Calculé sur le vu de la difficulté ordinaire de l’affaire et des principes de la couverture
des frais et de l'équivalence des prestations, l'émolument forfaitaire de justice est arrêté
à 500 fr. pour la procédure devant le ministère public (art. 22 let. b LTar) et à 400 fr. pour
celle devant le tribunal de district (art. 22 let. c LTar), soit 900 fr. au total. En sa qualité
de tiers qui succombe dans une procédure de confiscation indépendante, X _________
supporte les frais de procédure (art. 426 al. 1 et 5 CPP).
X _________ supporte les frais occasionnés par l’exercice de ses droits de
procédure. Ses conclusions, non chiffrées, tendant au paiement de dommages et
intérêts et à la réparation de son tort moral sont rejetées (art. 429 CPP a contrario par
analogie).
Prononce
Les 9'000 euros (100 billets de 50 euros et 2 x 100 billets de 20 euros) séquestrés
le 24 octobre 2019 par l’office central du ministère public sont confisqués.
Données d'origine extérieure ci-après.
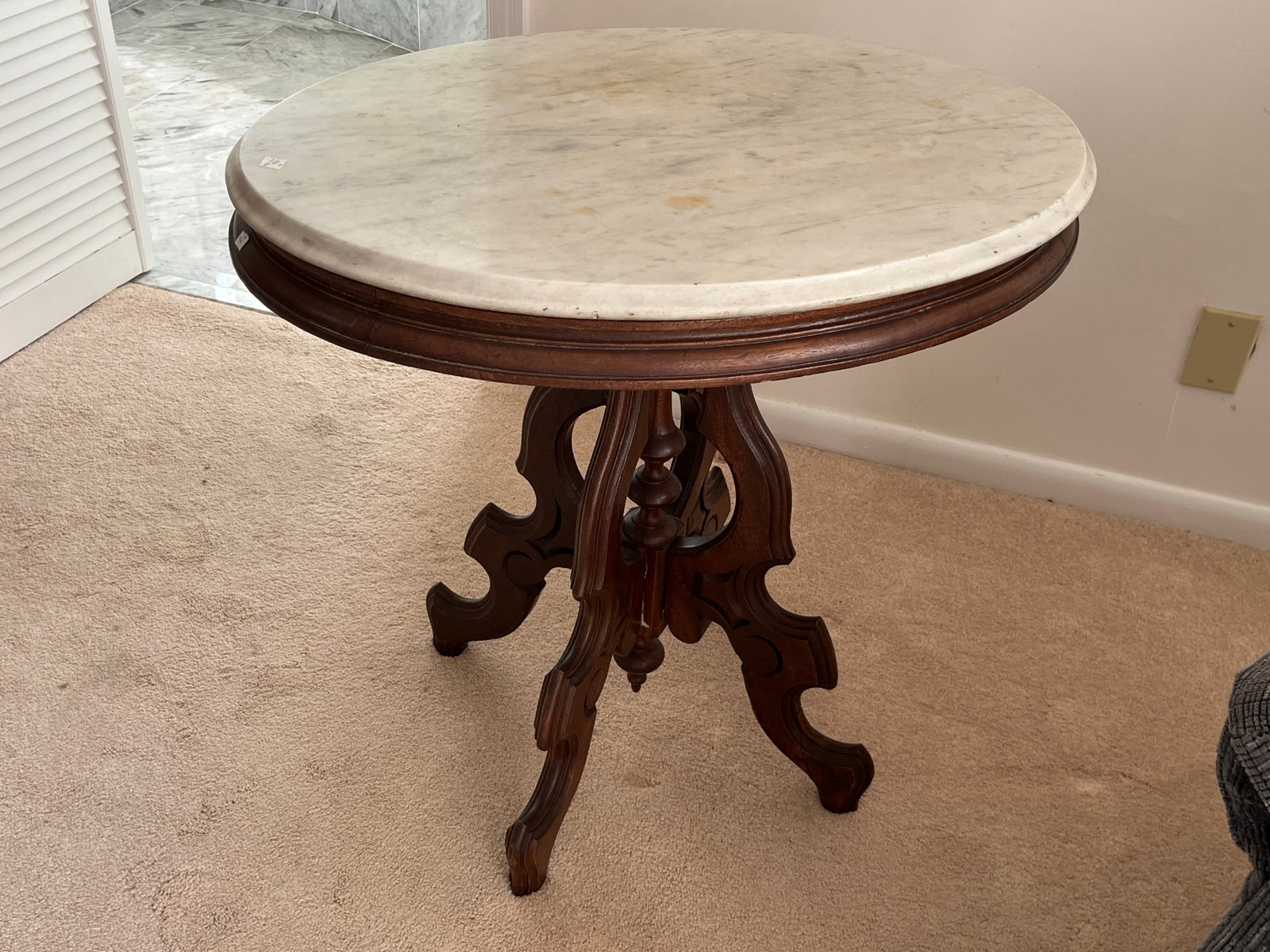 Victorian Marble Top Table: Antique Marble Top Victorian Table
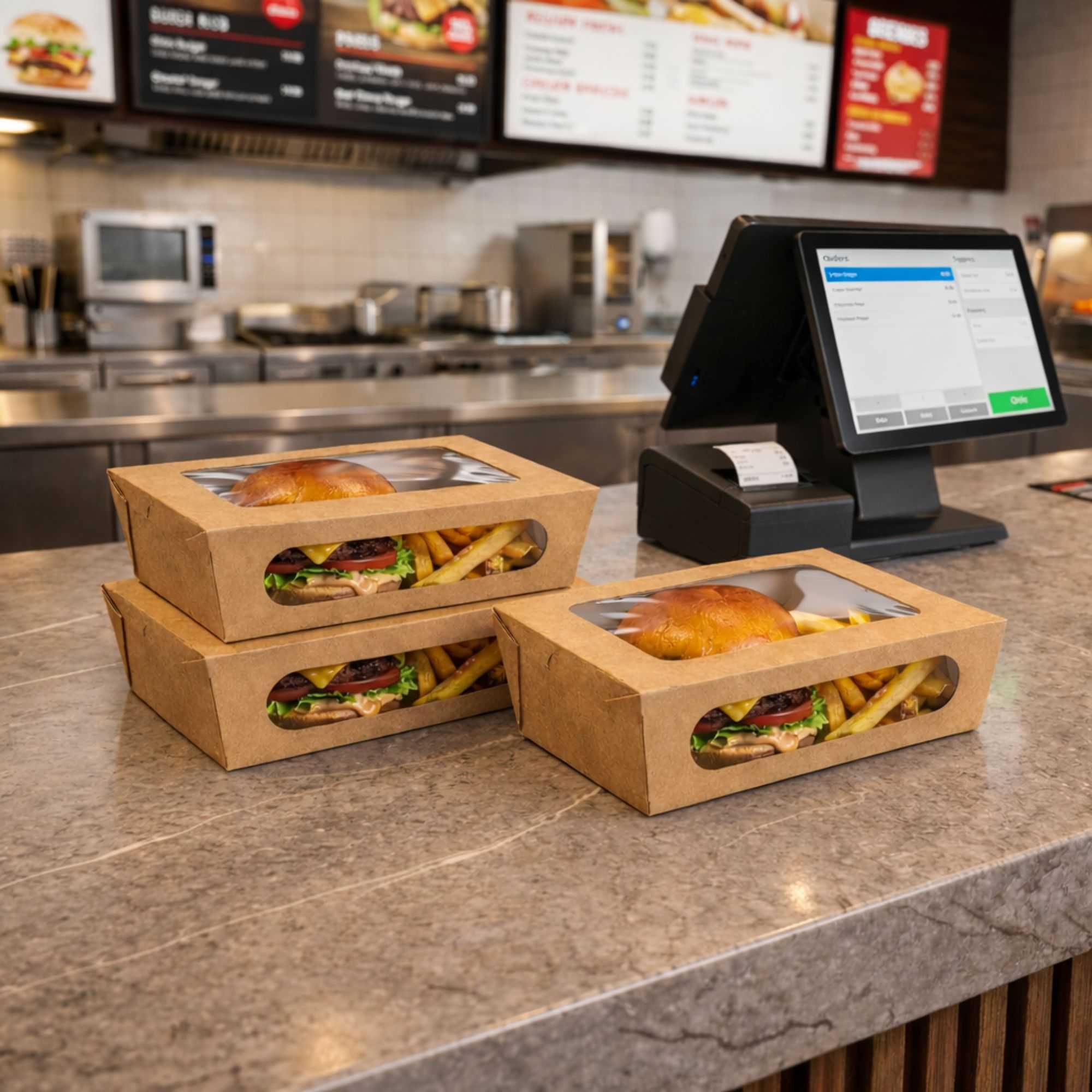 Cafe Vision 57 oz Rectangle Kraft Paper Extra Large Bio Take Out Container - Two Windows - 8" x 5 1/2" x 2 1/2" - 200 count box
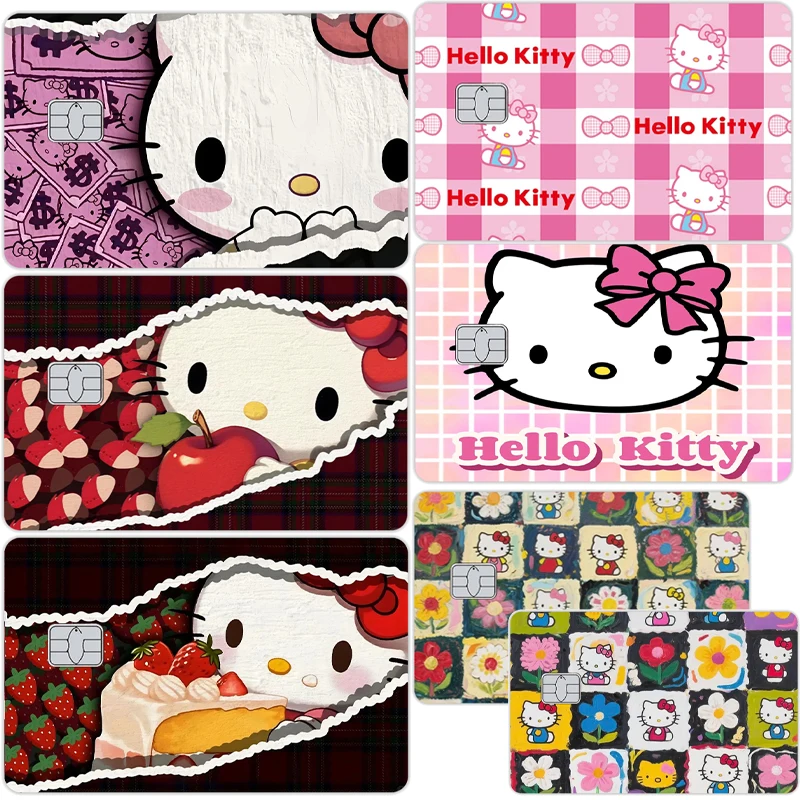

Kawaii Hello Kitty Y2k Credit Creidt Card Skin Stickers Matte Front Side Anime Cartoon Cute Bank Bus Metro Card Waterproof Gifts
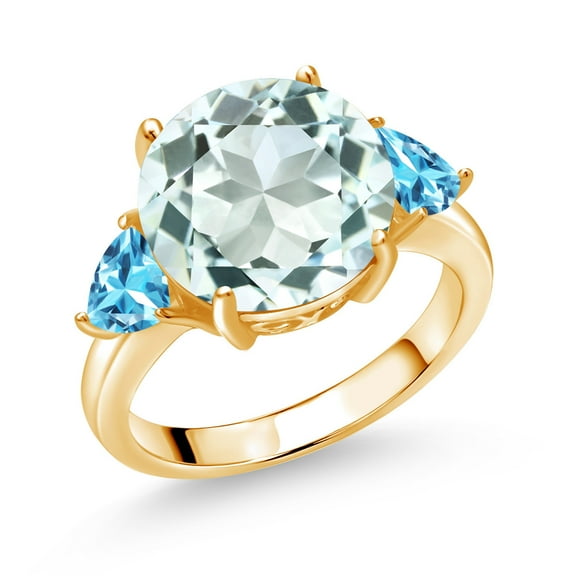Gem Stone King 18K Yellow Gold Plated Silver Sky Blue Simulated Aquamarine and Swiss Blue Topaz 3-Stone Ring for Women (7.86 Cttw, Round 12MM, Trillion 5MM, Size 9)
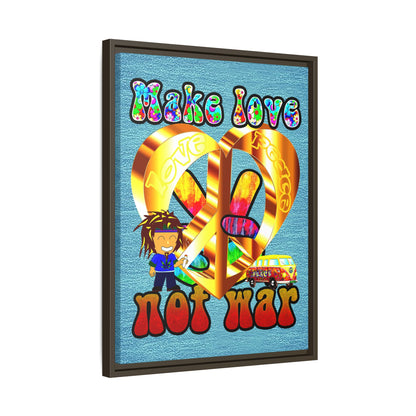 love peace - framed canvas art (faded blue)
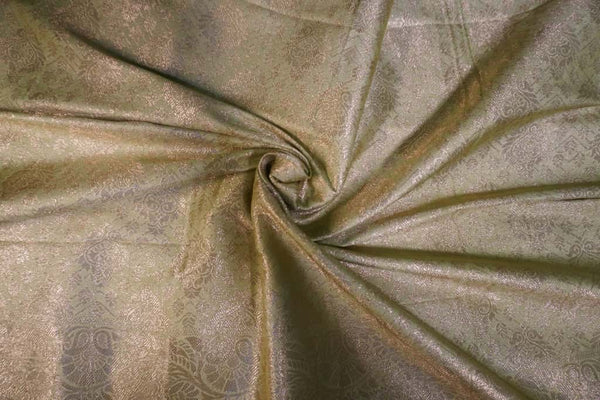 Premium Kashmiri Silk Saree – Pistachio Green Saree with Machine Embroidery & Bright Pink Contrast Blouse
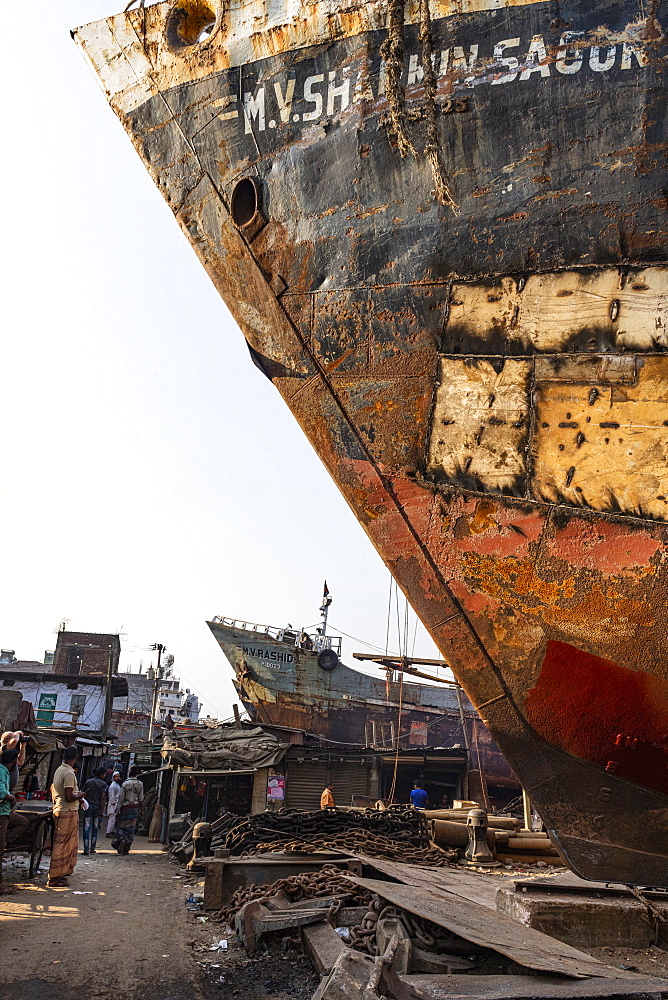 Ships being broken up in the shipwreck cemetery (ship breaking yard), Port of Dhaka, Bangladesh, Asia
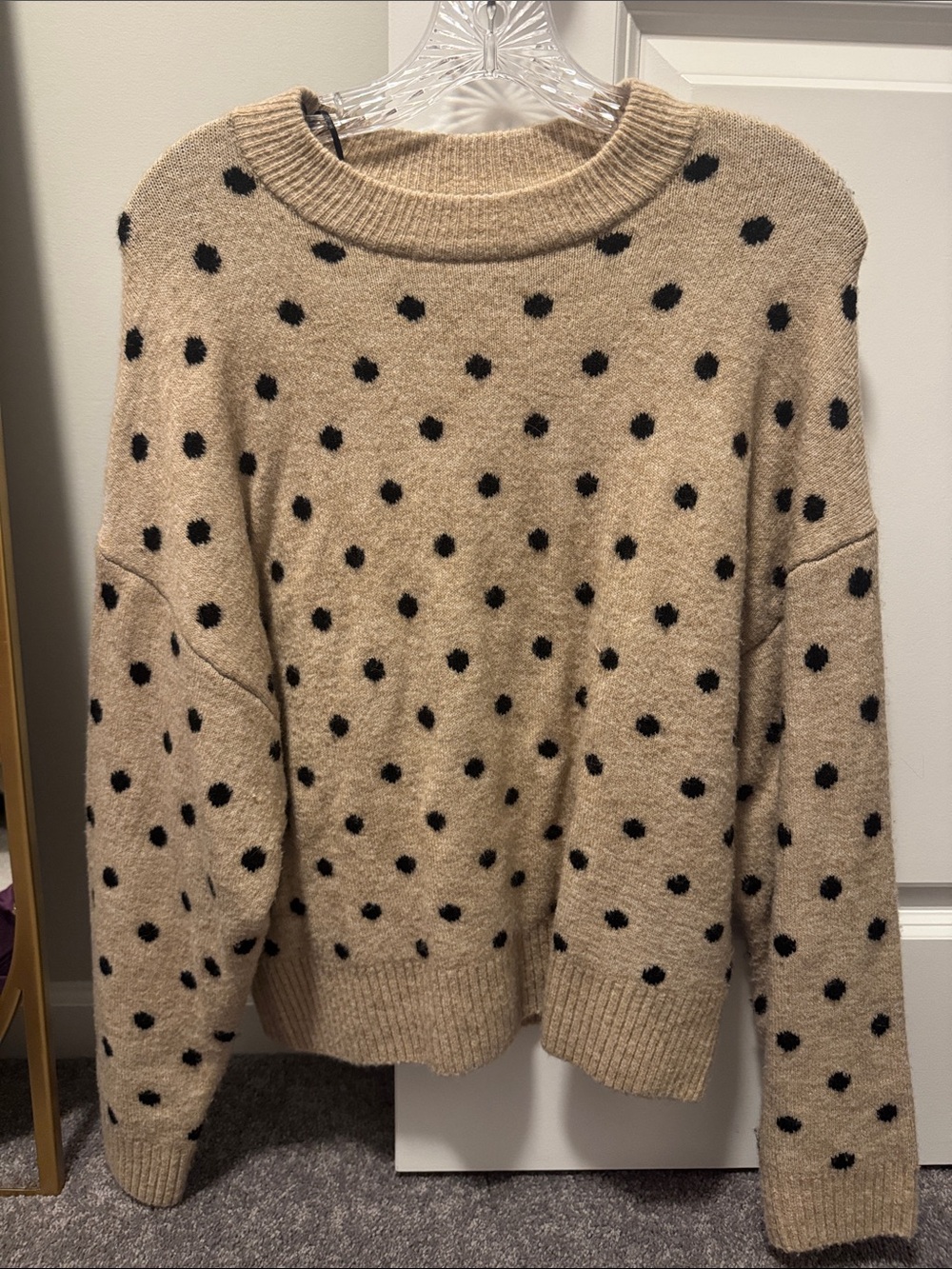 H&M Beige Crewneck Sweater with Black Polka Dots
Les frais de procédure, par 900 fr. (ministère public : 500 fr. et tribunal : 400 fr.) sont
mis à la charge de X _________.
X _________ supporte les frais occasionnés par l’exercice de ses droits de
procédure.
Les conclusions de X _________ tendant au paiement de dommages et intérêts et
à la réparation de son tort moral sont rejetées.